- Church: Roman Catholic
- Archdiocese: Uppsala
- Appointed: 1438
- In office: 1438–1448
- Predecessor: Olaus Laurentii
- Successor: Jöns Bengtsson Oxenstierna
- Previous post: Bishop of Växjö (1426–1438)

Orders
- Rank: Metropolitan Archbishop

Personal details
- Born: 1380s Floda, Södermanland, Sweden
- Died: 17 February 1448

= Nicolaus Ragvaldi =

Archbishop of Uppsala from 1438 to 1448

Nicolaus Ragvaldi (Nils Ragvaldsson; early 1380s – 17 February 1448) was the bishop of Växjö and the archbishop of Uppsala in Sweden from 1438 to 1448. He is known as an early representative of the Gothicist tradition.

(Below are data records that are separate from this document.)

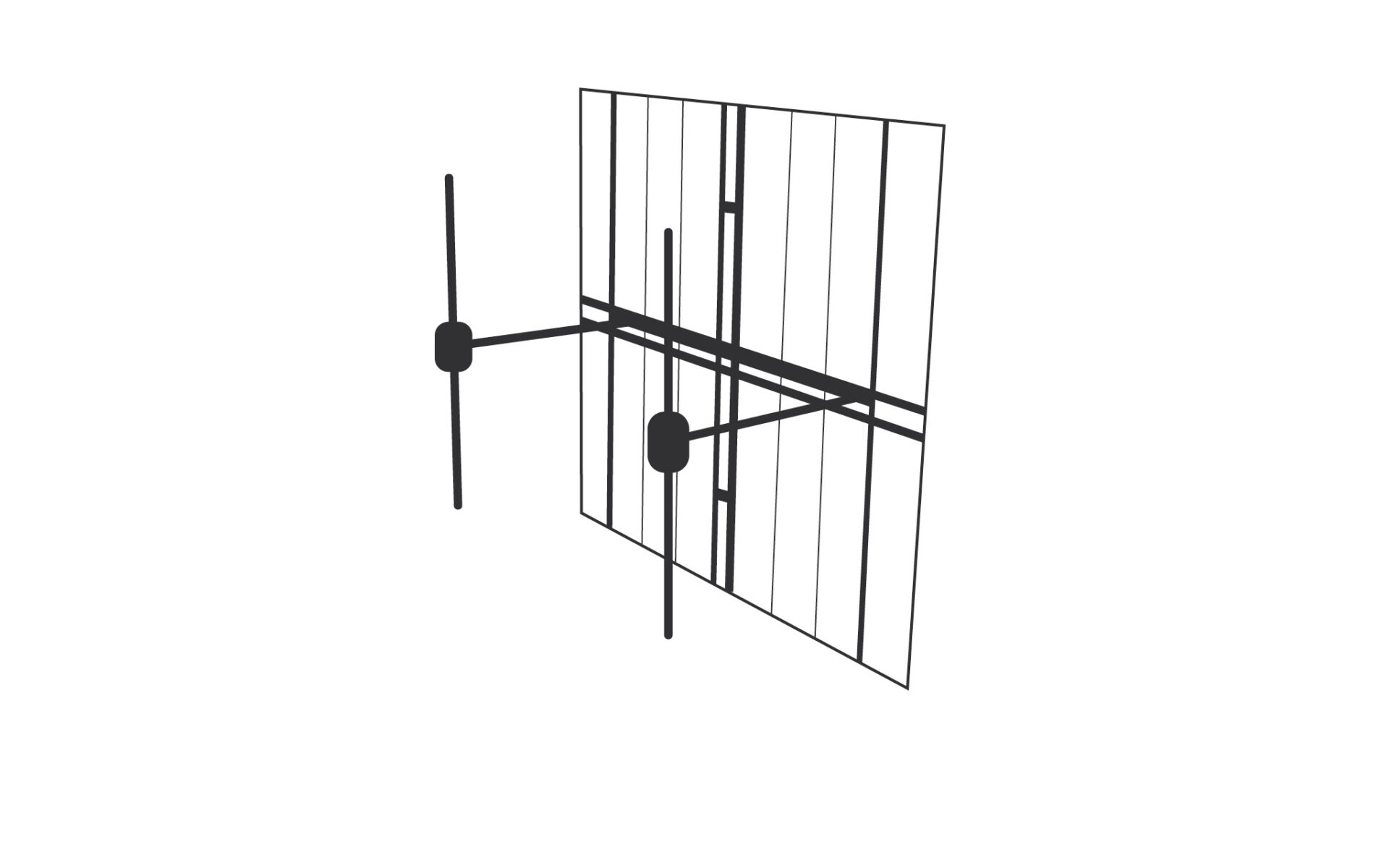 Antenne FM Large bande a double dipole H V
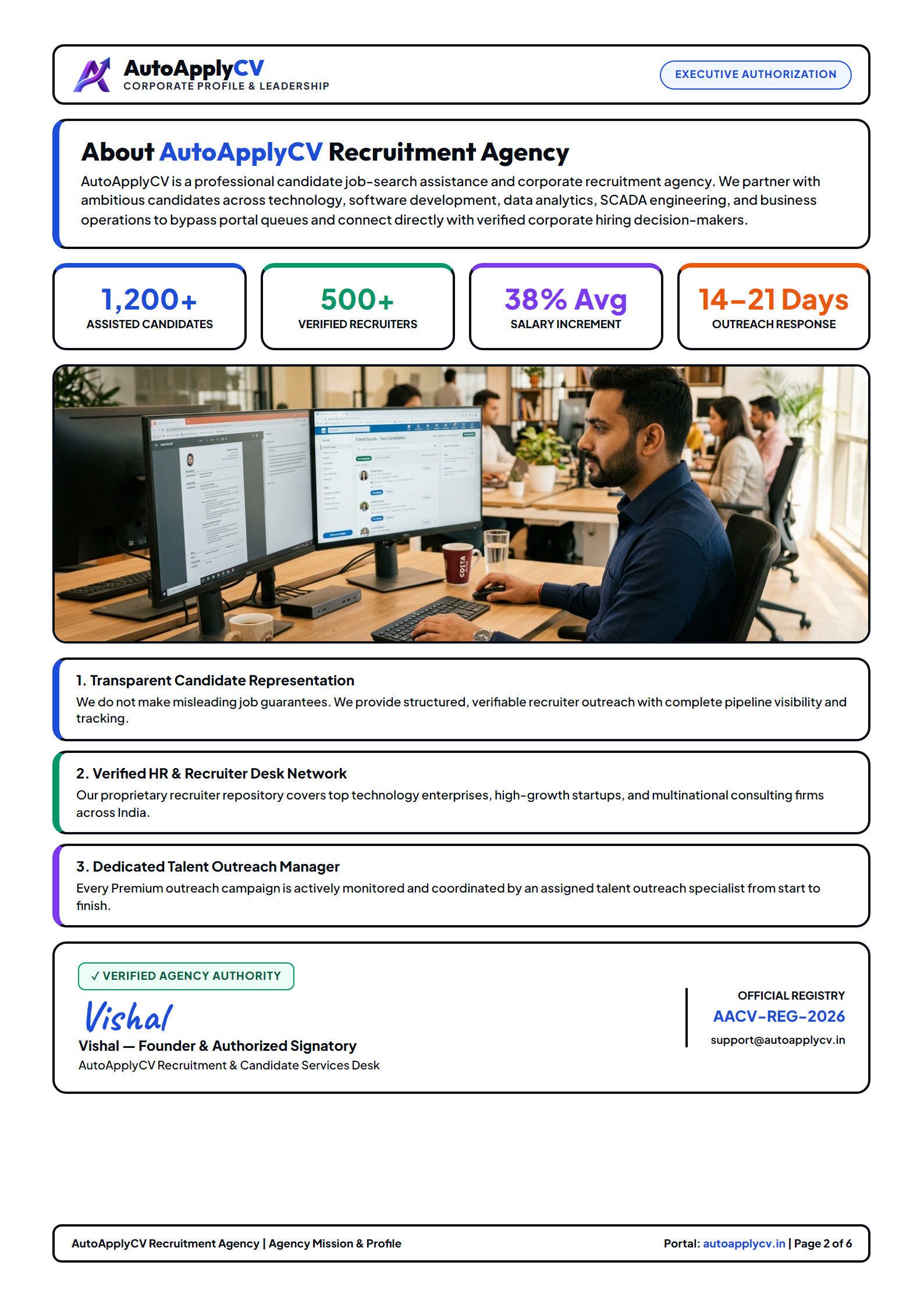 Page 2: About & Founder Seal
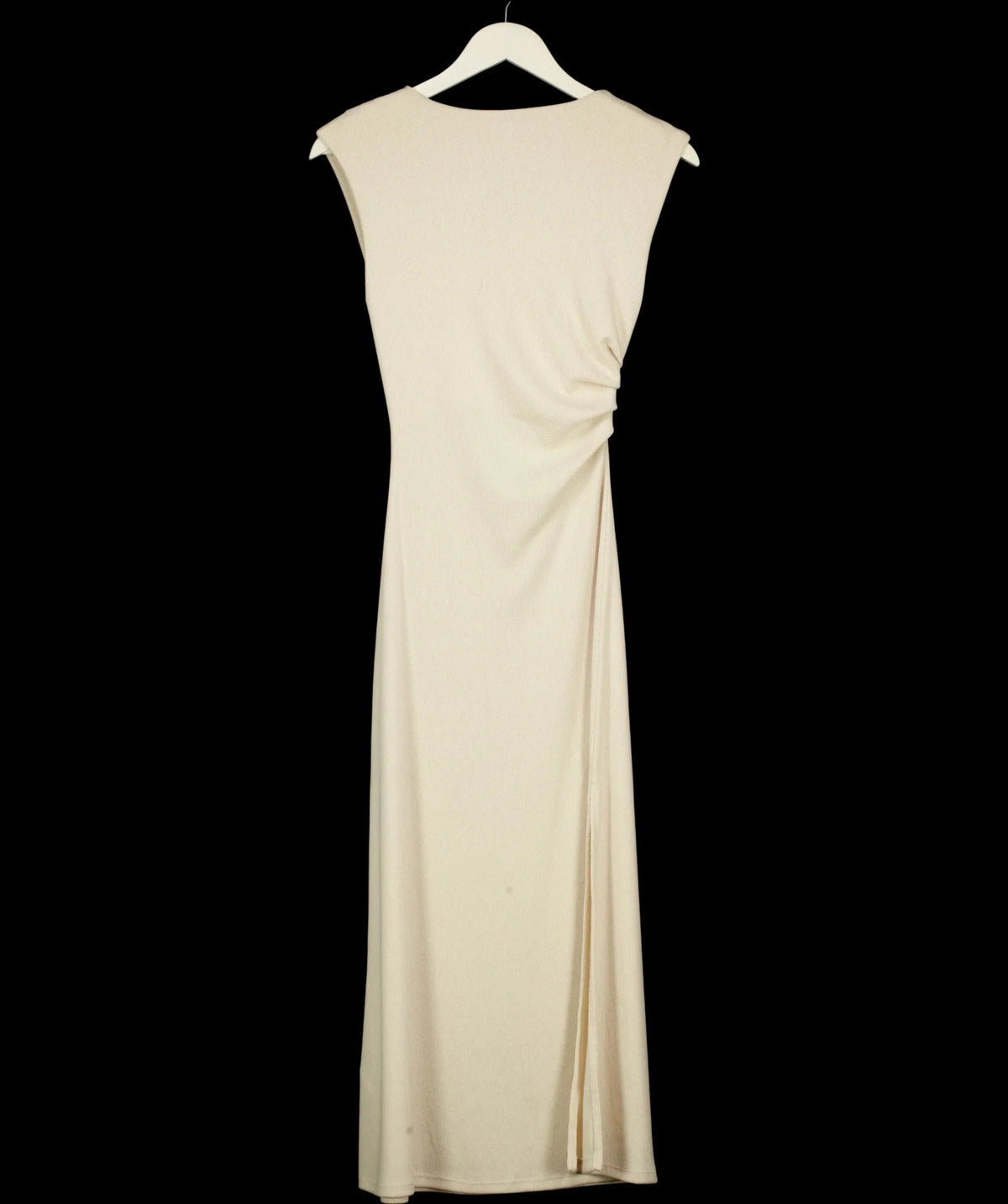 H&M Cream Draped Ruched Side Jersey Midi Dress Cream, size UK XS — label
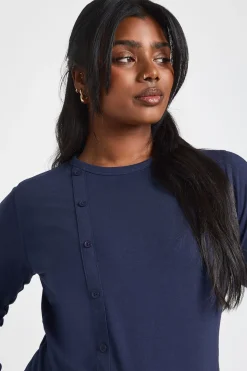 Haut Grande Taille à Boutonnage Latéral et Manches Longues
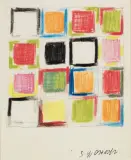 Stefan Gierowski, Bez tytułu, kredka, ołówek, papier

On 12 November 1434 he held a speech at the council of Basel, where he argued that the Swedish monarch, Eric of Pomerania, was a successor to the Gothic kings, and that the Swedish delegation deserved senior rank. The Spanish delegation responded with a claim of seniority because of the Visigoths. Notes of these speeches were written down and preserved, and included by Johannes Magnus when he wrote the influential History of the Nordic People about 150 years later. His research results resulted in Gustav Vasa's son styling himself as Eric XIV, although his father disapproved.